[Brief descriptive captions]

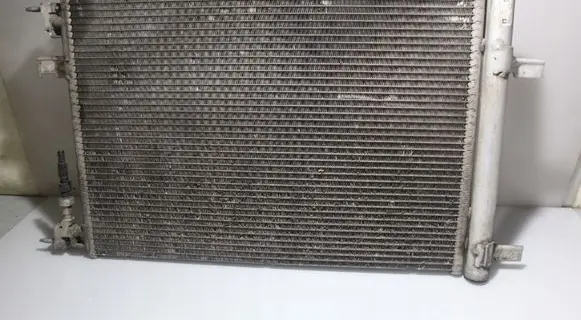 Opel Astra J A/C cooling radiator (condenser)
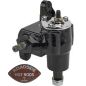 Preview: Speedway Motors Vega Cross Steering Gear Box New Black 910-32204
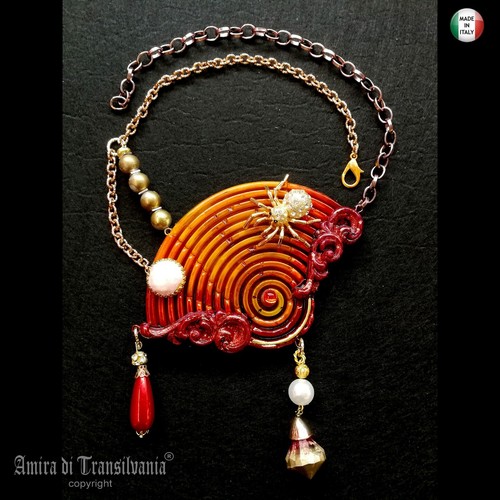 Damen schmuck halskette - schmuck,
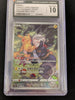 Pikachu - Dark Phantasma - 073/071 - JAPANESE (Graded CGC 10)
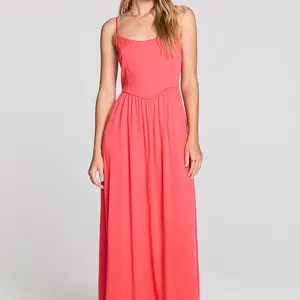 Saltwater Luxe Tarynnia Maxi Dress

| WORK TO COMPLETE |
Leave out the pictures, and extract exactly the lines from the one with "Pikachu - Dark" through the end of the records, both ends included.

| PROBLEM SOLUTION |
 Pikachu - Dark Phantasma - 073/071 - JAPANESE (Graded CGC 10)
 Saltwater Luxe Tarynnia Maxi Dress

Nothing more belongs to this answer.